A master of light and play, with a blend of Impressionist and Cubist elements, Jehangir Sabavala’s blue-chip art has inspired a sense of wonder and awe. Akara Art’s latest show revives the late artist’s legacy

Article by Shaikh Ayaz | Architectural Digest India

PUBLISHED: NOV 04, 2020 | 09:30:19 IST

Jehangir Sabavala, The Miasmic Shore, Oil on Canvas 28 x 42 inches, 1967

Puneet Shah remembers only one brief encounter with the late Jehangir Sabavala who passed away in 2011 at 89, but he met the stylish artist’s equally elegant wife Shirin a couple of times.

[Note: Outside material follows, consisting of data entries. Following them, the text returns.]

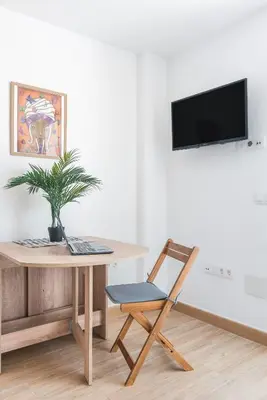 Una televisión o centro de entretenimiento en Home2Book Cozy Seaside Apt Las Canteras Beach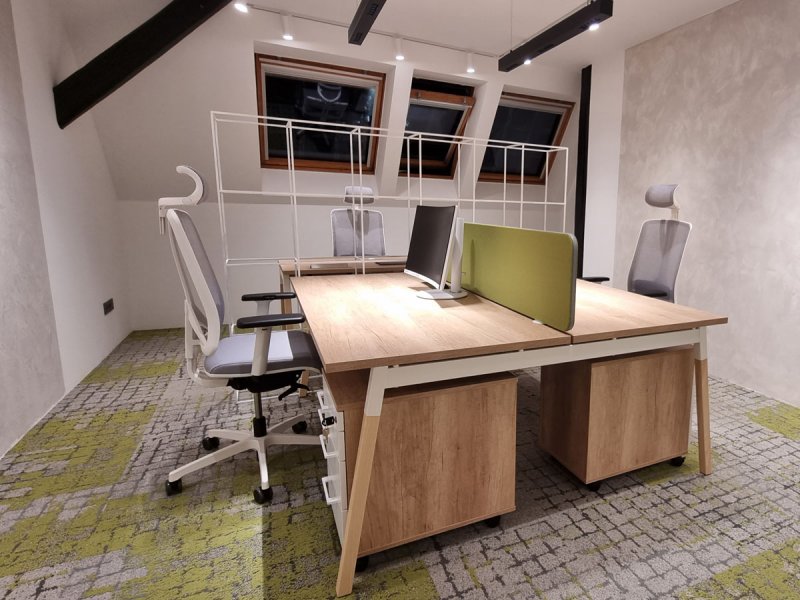 Kancelářské stoly a ergonomické židle pro 3 osoby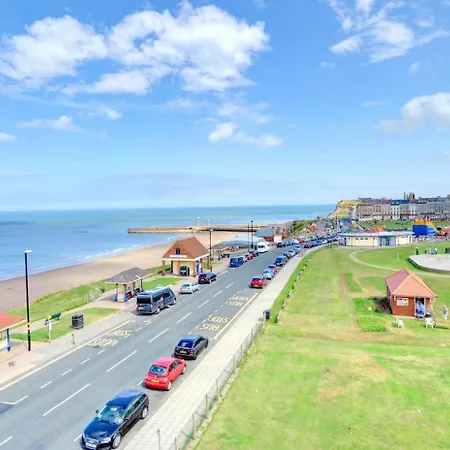 2 Bed In Oc-w408 * Whitby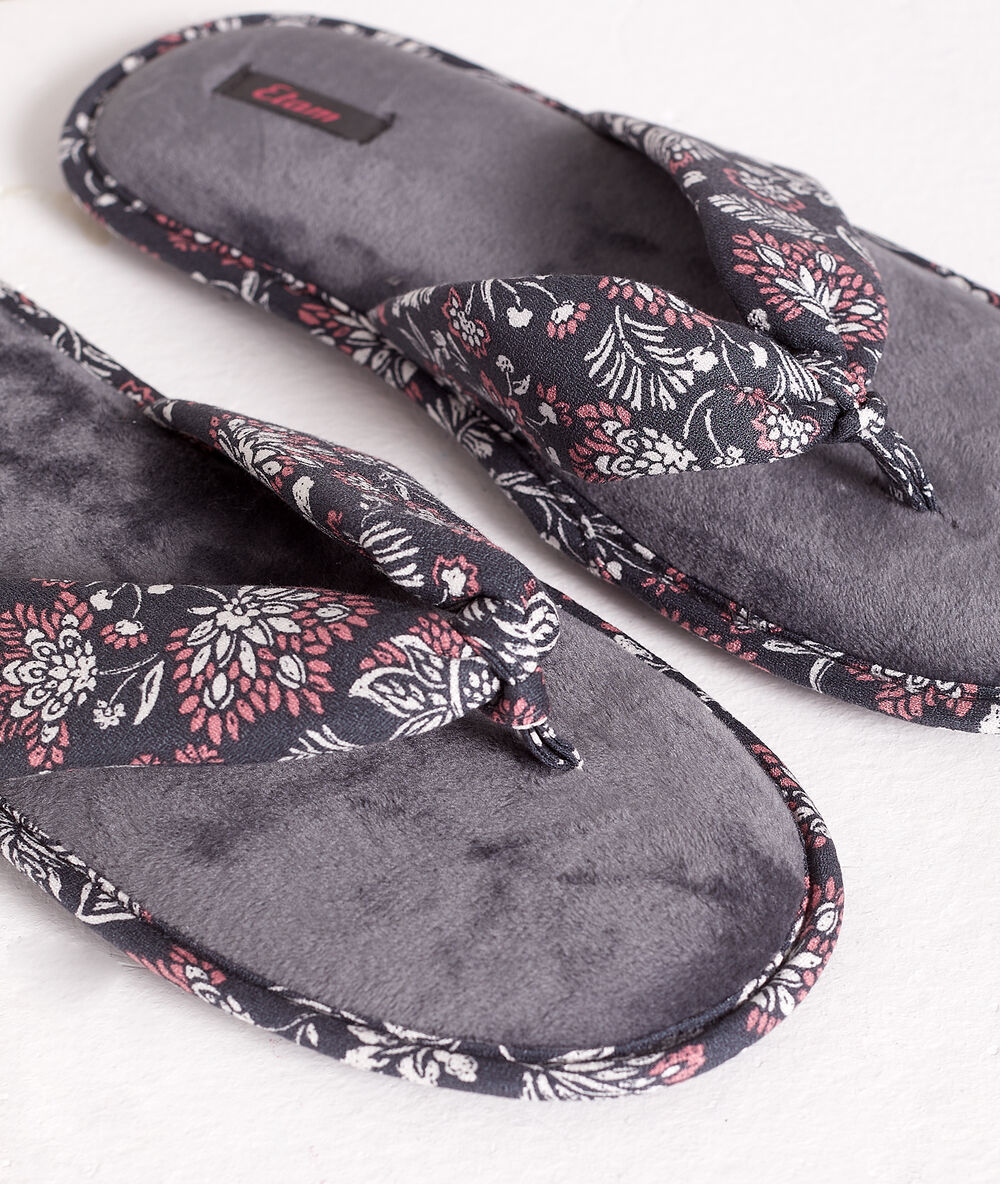 Zapatillas tipo chancla c.gris.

During one conversation, early on in the Akara Art founder’s career, she had suggested, “Why don’t you do a Sabavala exhibition at your gallery?” A decade later, the long-cherished dream has just come true with the opening of ‘Pilgrim Souls, Soaring Skies, Crystalline Seas.’ This is Mumbai-based Akara Art’s first major physical exhibition after the Covid-19 lockdown. Conceived during the sedate hours of the lockdown, Shah calls ‘Pilgrim Souls…’ “the most prominent show” of this kind, offering 15 works of art from different stages of Sabavala’s seven decades of work.

A Good Time for Sabavala

Sabavala was a subject of a prestigious retrospective in 2015 at the Chhatrapati Shivaji Maharaj Vastu Sanghralaya that curator Ranjit Hoskote (also Sabavala’s official biographer) had dubbed an “introspective” for the sheer scale and intimate sweep that the show managed to achieve. By contrast, ‘Pilgrim Souls…’ is a smaller but sublime overview of the artist’s life and career. The city of Mumbai—the Parsi artist’s home and muse for decades—will see its first Sabavala show in five years. “Any time is a good time to have a Sabavala exhibition,” Puneet Shah offers. “He was not a prolific artist and to put together 15 paintings, most of them rare, is definitely an interesting proposition. There is a lot of interest in his work and much more in the recent past, both commercially and curatorially.”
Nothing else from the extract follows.